#### EXERCISE OBJECTIVE:
Would you please return all of the entries below exactly as shown?
>>>
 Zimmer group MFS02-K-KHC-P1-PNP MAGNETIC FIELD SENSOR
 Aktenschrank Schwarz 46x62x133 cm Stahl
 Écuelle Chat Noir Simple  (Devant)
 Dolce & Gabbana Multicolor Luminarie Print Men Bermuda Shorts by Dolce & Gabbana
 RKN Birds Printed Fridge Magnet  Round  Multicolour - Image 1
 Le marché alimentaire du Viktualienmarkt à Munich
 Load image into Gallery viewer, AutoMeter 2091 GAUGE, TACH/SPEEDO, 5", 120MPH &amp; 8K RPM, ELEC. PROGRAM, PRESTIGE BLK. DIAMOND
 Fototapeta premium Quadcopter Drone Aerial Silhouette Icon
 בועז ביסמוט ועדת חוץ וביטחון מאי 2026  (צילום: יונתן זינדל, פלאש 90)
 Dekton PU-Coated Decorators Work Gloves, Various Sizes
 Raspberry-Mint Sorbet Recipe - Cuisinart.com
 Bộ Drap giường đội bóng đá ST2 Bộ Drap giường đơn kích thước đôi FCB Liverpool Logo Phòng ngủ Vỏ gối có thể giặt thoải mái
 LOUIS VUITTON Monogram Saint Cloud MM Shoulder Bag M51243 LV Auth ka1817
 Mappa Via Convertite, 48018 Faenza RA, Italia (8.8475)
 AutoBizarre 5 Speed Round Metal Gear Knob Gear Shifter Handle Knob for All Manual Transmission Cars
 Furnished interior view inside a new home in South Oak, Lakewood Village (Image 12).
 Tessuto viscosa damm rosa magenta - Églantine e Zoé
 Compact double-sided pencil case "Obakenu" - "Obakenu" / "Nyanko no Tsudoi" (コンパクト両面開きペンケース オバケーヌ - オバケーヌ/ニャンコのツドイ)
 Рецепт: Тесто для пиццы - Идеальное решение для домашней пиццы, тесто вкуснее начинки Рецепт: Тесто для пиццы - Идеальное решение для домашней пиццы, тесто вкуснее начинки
<<<
#### SOLUTION:
 Zimmer group MFS02-K-KHC-P1-PNP MAGNETIC FIELD SENSOR
 Aktenschrank Schwarz 46x62x133 cm Stahl
 Écuelle Chat Noir Simple  (Devant)
 Dolce & Gabbana Multicolor Luminarie Print Men Bermuda Shorts by Dolce & Gabbana
 RKN Birds Printed Fridge Magnet  Round  Multicolour - Image 1
 Le marché alimentaire du Viktualienmarkt à Munich
 Load image into Gallery viewer, AutoMeter 2091 GAUGE, TACH/SPEEDO, 5", 120MPH &amp; 8K RPM, ELEC. PROGRAM, PRESTIGE BLK. DIAMOND
 Fototapeta premium Quadcopter Drone Aerial Silhouette Icon
 בועז ביסמוט ועדת חוץ וביטחון מאי 2026  (צילום: יונתן זינדל, פלאש 90)
 Dekton PU-Coated Decorators Work Gloves, Various Sizes
 Raspberry-Mint Sorbet Recipe - Cuisinart.com
 Bộ Drap giường đội bóng đá ST2 Bộ Drap giường đơn kích thước đôi FCB Liverpool Logo Phòng ngủ Vỏ gối có thể giặt thoải mái
 LOUIS VUITTON Monogram Saint Cloud MM Shoulder Bag M51243 LV Auth ka1817
 Mappa Via Convertite, 48018 Faenza RA, Italia (8.8475)
 AutoBizarre 5 Speed Round Metal Gear Knob Gear Shifter Handle Knob for All Manual Transmission Cars
 Furnished interior view inside a new home in South Oak, Lakewood Village (Image 12).
 Tessuto viscosa damm rosa magenta - Églantine e Zoé
 Compact double-sided pencil case "Obakenu" - "Obakenu" / "Nyanko no Tsudoi" (コンパクト両面開きペンケース オバケーヌ - オバケーヌ/ニャンコのツドイ)
 Рецепт: Тесто для пиццы - Идеальное решение для домашней пиццы, тесто вкуснее начинки Рецепт: Тесто для пиццы - Идеальное решение для домашней пиццы, тесто вкуснее начинки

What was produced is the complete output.